In Praise of Tweakers: Why Gladwell Is Wrong About Jobs

If I have seen a little further, it is by standing on the shoulders of giants.
Isaac Newton to Robert Hooke, 1676

Portrait of Isaac Newton
Sir Isaac Newton

In a New Yorker essay on  the career of Steve Jobs,  Malcolm Gladwell dismisses the idea the Jobs was a visionary. Instead, Gladwell writes, drawing heavily on Walter Isaacson’s biography, “he was much more of a tweaker.”

In defining Jobs’s career, Gladwell is mostly right, though I don’t think “tweaker” is an adequate word. Jobs’s genius was to to take ideas he found floating around and make them much, much better.

Where Gladwell is wrong is in his analysis of the inventive process. Those he calls visionaries, the person who “starts with a clean sheet of paper, and reimagines the world,” hardly ever come along. And those who do often end up forgotten, as in the case of of Gladwell’s prime example, Samuel Crompton, inventor of the spinning mule.

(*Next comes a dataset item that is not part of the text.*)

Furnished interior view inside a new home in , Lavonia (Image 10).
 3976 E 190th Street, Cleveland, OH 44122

Consider Isaac Newton, a true scientific revolutionary but one who would have to be classed as a “tweaker” in Gladwell’s taxonomy. Newton did not suffer from false modesty; he carried on a decades-long feud with Leibniz over primacy in the development of the calculus. But he knew that he was building on progress in mathematics from Archimedes to his contemporary John Wallis and on the astronomical breakthroughs of Copernicus, Tycho Brahe, and Johannes Kepler. Similarly, Einstein’s relatively revolution is impossible to imagine without the physics of James Clerk Maxwell and Hendrik Lorentz or the mathematics of Henri Poincaré and Hermann Minkowski.

Or the computer itself. The computer,  which truly has no inventor, was born when several streams of invention coalesced in the cauldron of World War II: A long history of tinkering with mechanical calculating devices from Pascal to Babbage; the theoretical mathematics of Alan Turing and John von Neumann; the development of electronics to replace mechanical devices; the engineering genius of John Antanasoff, J. Presper Eckert, John Mauchly, and others; and a flood of government funding.

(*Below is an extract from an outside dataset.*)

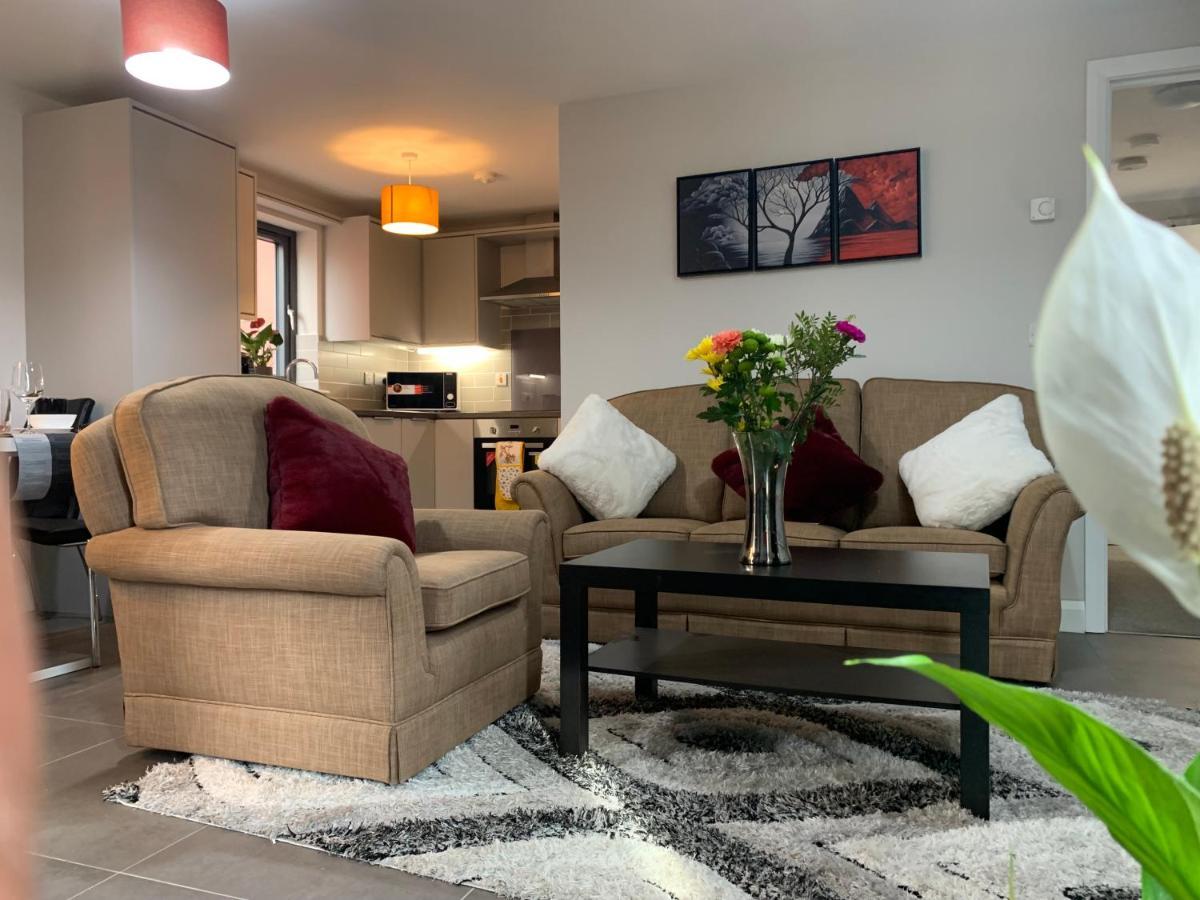 Aqua Dreams - Serviced Luxury Modern Belfast City Centre 2 Bed Apartment Eksteriør bilde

The fundamental problem with  Gladwell’s approach is that there are no clean sheets of paper, and perhaps no visionaries as Gladwell defines them. Everyone inherits the world as it is. The geniuses are the ones who can take that and turn it into something much better.

Published by

Steve Wildstrom

Steve Wildstrom is veteran technology reporter, writer, and analyst based in the Washington, D.C. area. He created and wrote BusinessWeek’s Technology & You column for 15 years. Since leaving BusinessWeek in the fall of 2009, he has written his own blog, Wildstrom on Tech and has contributed to corporate blogs, including those of Cisco and AMD and also consults for major technology companies.

9 thoughts on “In Praise of Tweakers: Why Gladwell Is Wrong About Jobs”

  1. Nice post. I absolutely agree. By Gladwell’s definition, there could be no true visionaries as every great invention builds on the accomplishments of previous inventions. There are no true clean slates as you say.

    However, visionaries aren’t just great inventors. They can simply be people who have the ability see new capabilities in products or new technologies and understand both the impact of these technologies and future direction of industries before others. If nothing else, this was Job’s greatest strength. Sometimes this means being first to ditch the floppy disk or first to openly acknowledge that Flash has no future in mobile computing.

  2. Nothing happens in a vacuum, and inventors don’t pluck ideas out of nowhere. The method of progress is evolution, and invention occurs in a continuum. As Newton famously put it, “If I have seen a little further it is by standing on the shoulders of Giants.”